DATA BELOW:
--- START ---
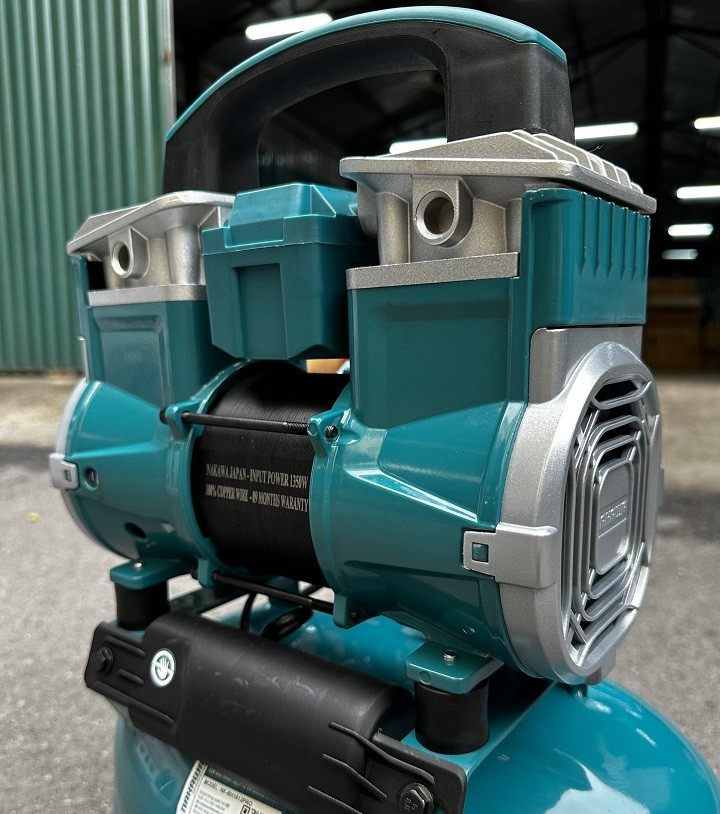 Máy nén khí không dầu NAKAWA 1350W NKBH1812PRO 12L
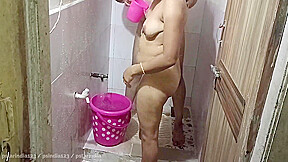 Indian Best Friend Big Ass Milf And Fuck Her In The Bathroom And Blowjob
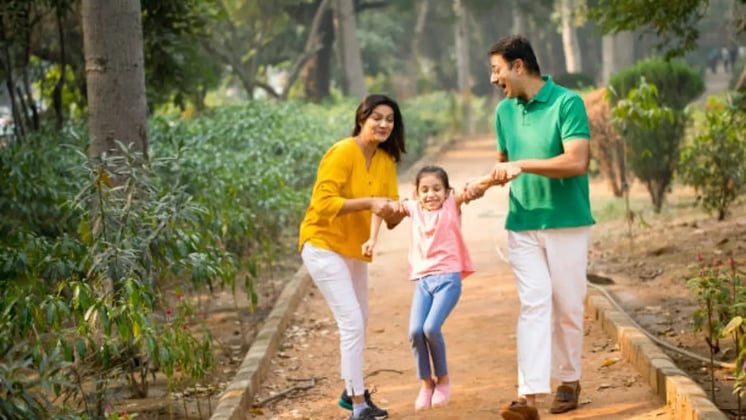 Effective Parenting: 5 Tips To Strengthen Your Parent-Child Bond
--- END ---
REQUIREMENT: The material should be returned verbatim, with all images omitted.

ANSWER SECTION:
 Máy nén khí không dầu NAKAWA 1350W NKBH1812PRO 12L
 Indian Best Friend Big Ass Milf And Fuck Her In The Bathroom And Blowjob
 Effective Parenting: 5 Tips To Strengthen Your Parent-Child Bond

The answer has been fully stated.